Copywriting or whatchamacallit?

Personally, I’m not happy with the term copywriting. Or better to say, I’m fine with it when it needs to describe those see-through ad-sy texts luring you to buy stuff, but what is the word for the writing that is smart, creative, witty but still commercial? I miss the term for those verbal identities you create for a company or a brand that are original, fit the company’s image and true values (whatever they might be) and in the long run become their unique communication style. The ones that don’t sell you anything but just communicate to you. It’s not copywriting. It’s not creative writing. Is it wordsmithing? Or verbal identification? Or specific writing?

I know many will disagree, but the classic direct-response copywriting just doesn’t work for me. I don’t need a very explicit call to action if I like what I see/read. I will contact you if your story has won me over, not because you wrote “contact us!” and a few testimonials. And if something doesn’t work for me, I immediately have doubts it will work for other people. Does anyone really fall for the product or service because of the phrases like “top quality”, “satisfaction guaranteed” or “new formula”? It’s not a rhetorical question, I genuinely want to know. I have read hundreds of copywriting tips and tricks where to communicate to the target audience, I need to follow a certain pattern of writing. But what if my message doesn’t fit that pattern? What if that form makes it sound phoney and hollow? Is that a bad copywriting or is it a different kind of writing?

In my mind, if I’m writing about something, I research that something and then sharpen my metaphorical pencil to start writing about it to present it in its truest possible light. Only that way I can reach the genuine style for that certain something. I don’t research about HOW to write about something and then have the form which I have to fill with content. And I know there has been “content-first” and “content is the king” paroles in recent years but it seems to me that’s just form. Bad form. Because we still have to follow the Google’s instructions for indexing web pages if we want our sites to be relevant in their search. And let’s admit, we all want to be Google-relevant.

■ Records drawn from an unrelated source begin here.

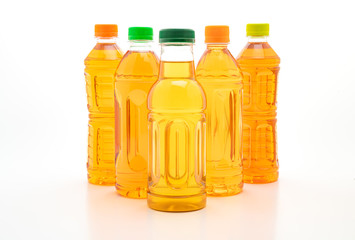 bottle of ice tea and green tea on white background
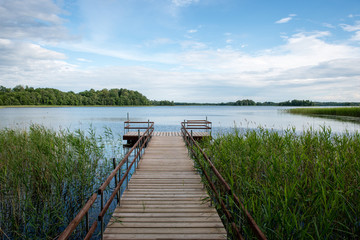 Obraz premium Diminishing perspective of wooden suspension footbridge over riv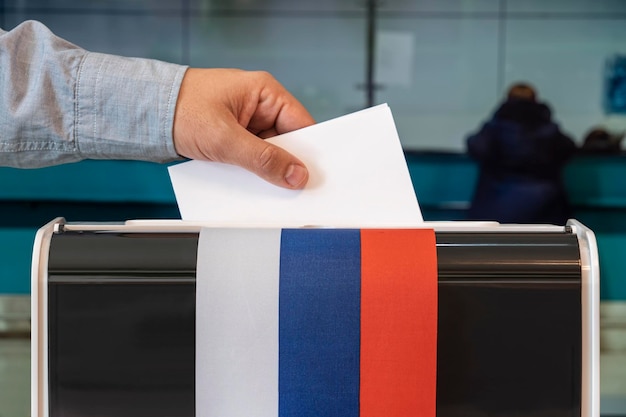 Homme mettant des billuten électoraux dans la boîte lors des élections en russie drapeau de la russie électeurs pour voter un seul jour de vote en Russie dans un bureau de vote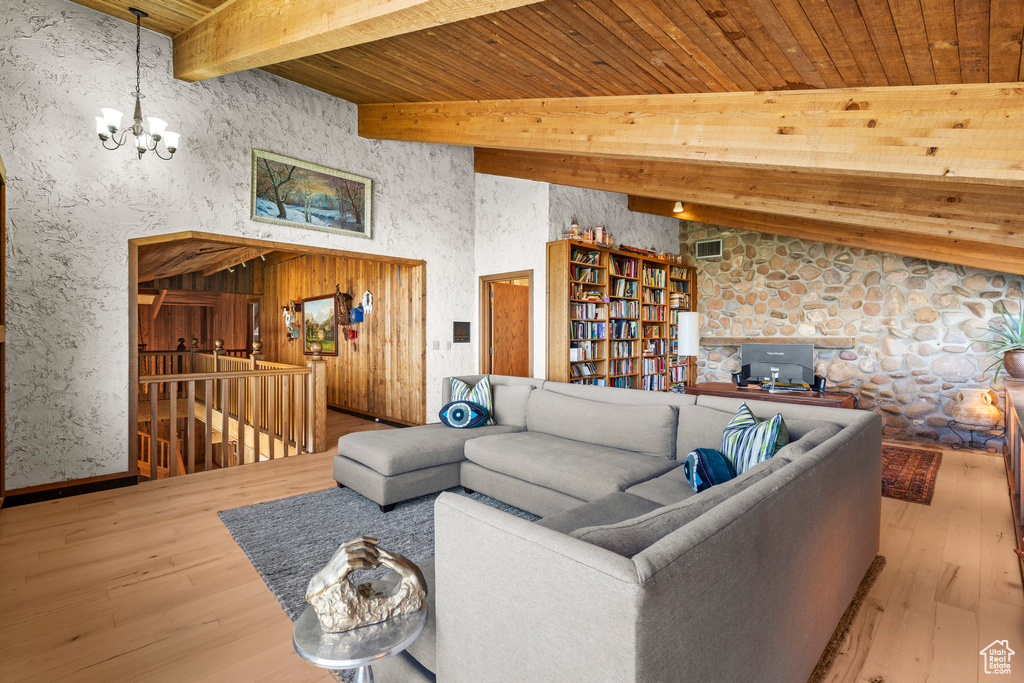 Living room featuring a chandelier, hardwood / wood-style floors, and wooden ceiling with exposed beams
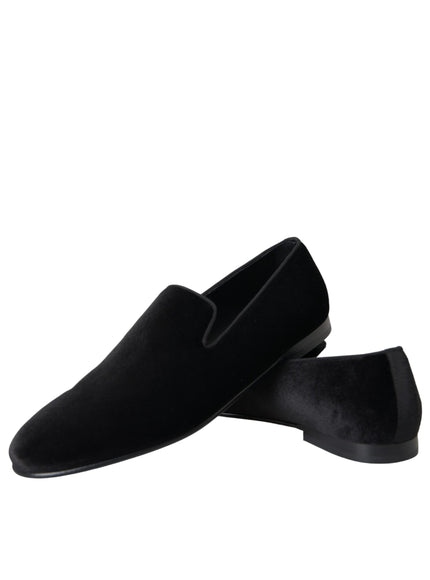 a pair of black slippers on a white background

Coming to this part of the post, I thought maybe this post should be called formal complaint. It’s a decent play on words of my pro-content ramblings. But would it be true to the content of the post? Would a well-intentioned googled expect tips on how to write a formal complaint? Some SEO specialists would definitely advised me to call it something that would get a lot more hits than “whatchamacallit”. But why would I want to lure people to my content, people who are not interested in my content? I’d rather have 2 interested readers than 20 000 viewers looking for something else.